Everybody loves a fast query.

So how can we make the best use of the existing information to make joins on sorted data faster? The answer is lies in vectorizing the merge join operator. Today we’ll be looking into what a merge joiner is (or what it used to be), followed by what vectorization means and how it changes the problem, and ending with how we decided to make the merge join operator faster and what this means for your queries.

CockroachDB is an ultra resilient SQL database for global business, which means that as a database, it has to meet the needs of scalable business critical applications. On top of reliably storing and replicating data, a distributed database also needs methods to query said data, whether it be a single row at a time, or a complex operation involving multiple tables. One of the more complex operations is a SQL Join, which combines two tables, such that for every pair of rows between the two tables, if there is a matching column between them, then the rows are added to the output. Consider the following example:

In this example, the blue, red and green rows matched so they were added to the output. Under the hood, the join operator may work in various ways, depending on the kind of information available at hand in the database.

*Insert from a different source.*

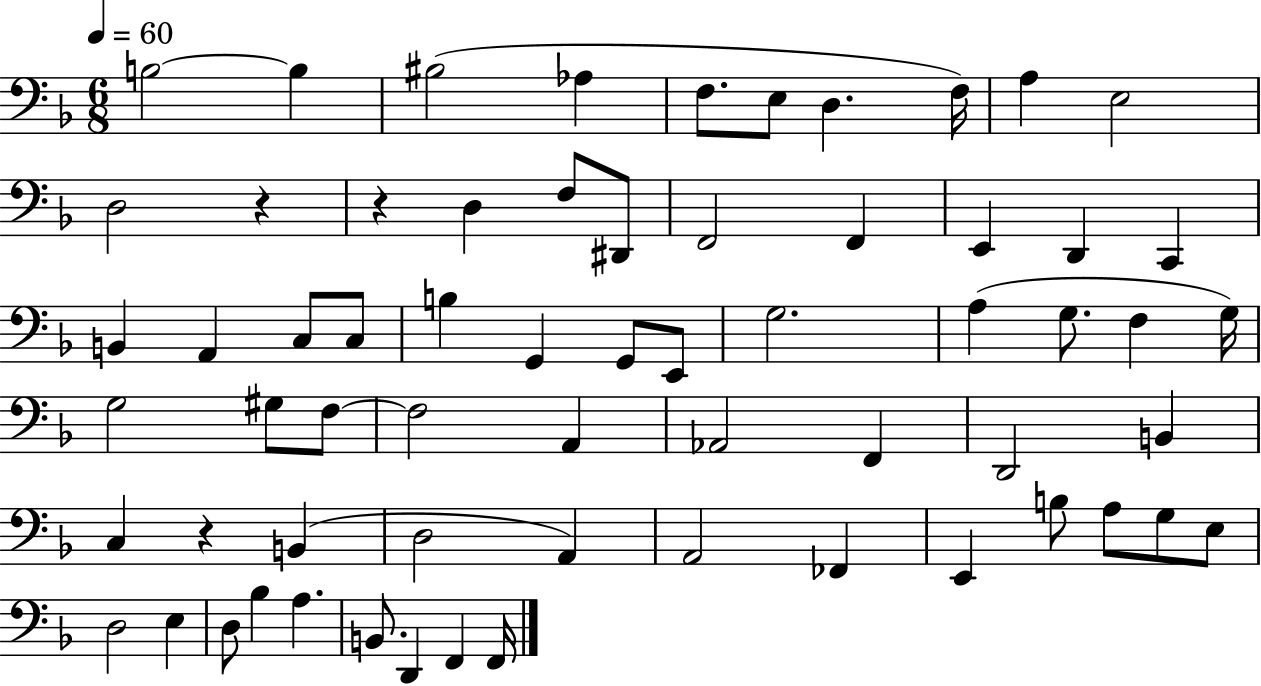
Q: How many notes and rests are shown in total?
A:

The Traditional Merge Join Algorithm

The Merge Join (or Sort-Merge-Join) is a type of join that makes use of the sorted ordering of the inputs to process the rows more efficiently. Using a merge join works best when there is an existing index on each of the input tables, since an index can be used to efficiently retrieve the rows in sorted order. To understand exactly what a traditional merge joiner looks like, consider the following algorithm:

Source: http://www.dcs.ed.ac.uk/home/tz/phd/thesis/node20.htm

The crux of this algorithm is essentially the fact that it’s a linear scan on each of the two tables. Consider two “fingers” that run down the input, one for each input table. If the fingers see a pair of rows that match, then the rows get added to the output. If they don’t, then the finger pointing to the lesser value gets incremented and points at the next value. Since both inputs are sorted, this means we never miss a pair as the fingers are bound to converge on a matching pair if it exists. At the same time, this algorithm is also efficient because it “skips” values that don’t match and are irrelevant to the output. The algorithm is visualized below:

Reasons to Vectorize

While a traditional merge join algorithm is efficient in theory, it fails to take into account the overhead of integrating this algorithm into a system. Due to the nature of how data is stored and the interfaces used to process the data within the database, there are a few key factors that make this algorithm behave slower in practice than in theory.

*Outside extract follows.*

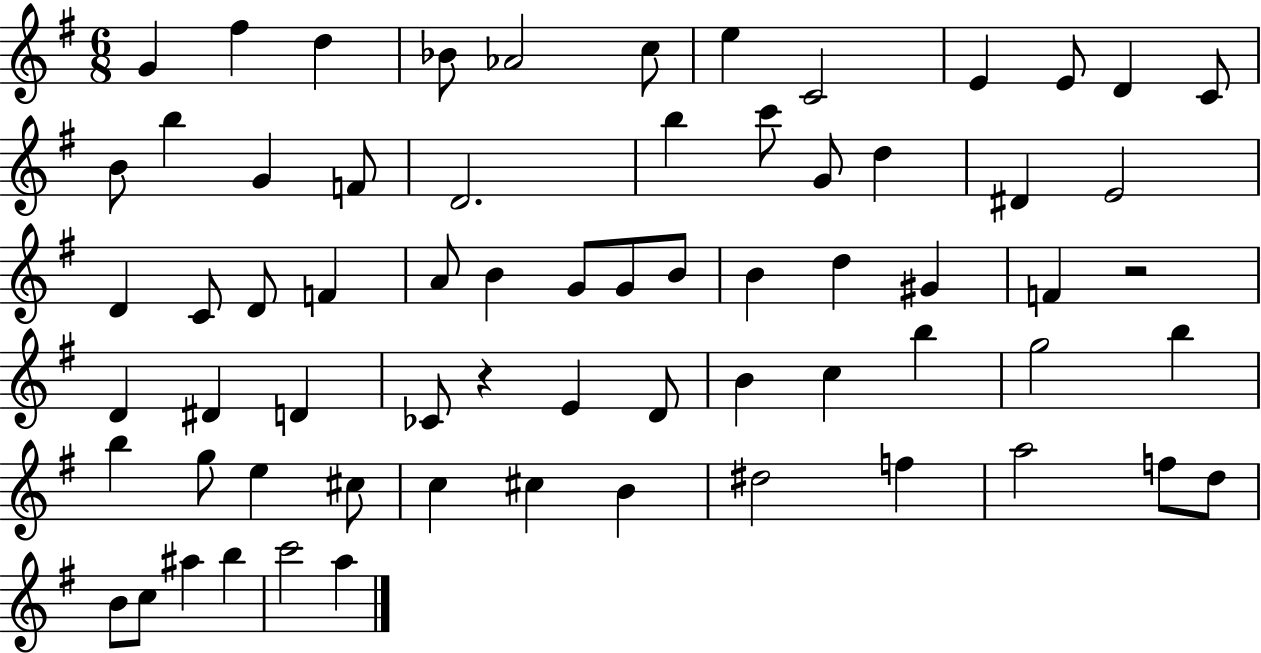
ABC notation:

In a database, each row of data is encoded in a format that is optimized for a specific purpose, which may not necessarily be the same purpose across all cases. To be specific, the current state of the row by row engine stores each column of every row in something called a datum. To be able to compare this datum to another datum, there is extra overhead in each call to retrieve the value, as first the type of that value has to be determined after which the value has to be decoded. Now if this process happens for every single column of every single row, it is clear that isn’t the most efficient use of processor time.

Instead, it would make sense if the type check and conversion could happen once per column, since every value in the column has the same type. This is called vectorized execution, since the idea is to operate on values a column at a time.

Constraints and Requirements

CockroachDB is currently actively working on utilizing this vectorized approach in its operators, so an interface for the vectorized model has been set up. This implies there are several constraints on how an operator can be built.

The first and most important constraint is that the vectorized merge join operator has to adhere to the higher level idea of operating on only one column per table at a time. This is a necessary conviction to ensure that shortcuts aren’t taken and that the operator as a whole doesn’t regress back to the row by row model where values of an arbitrary column can be accessed at any time.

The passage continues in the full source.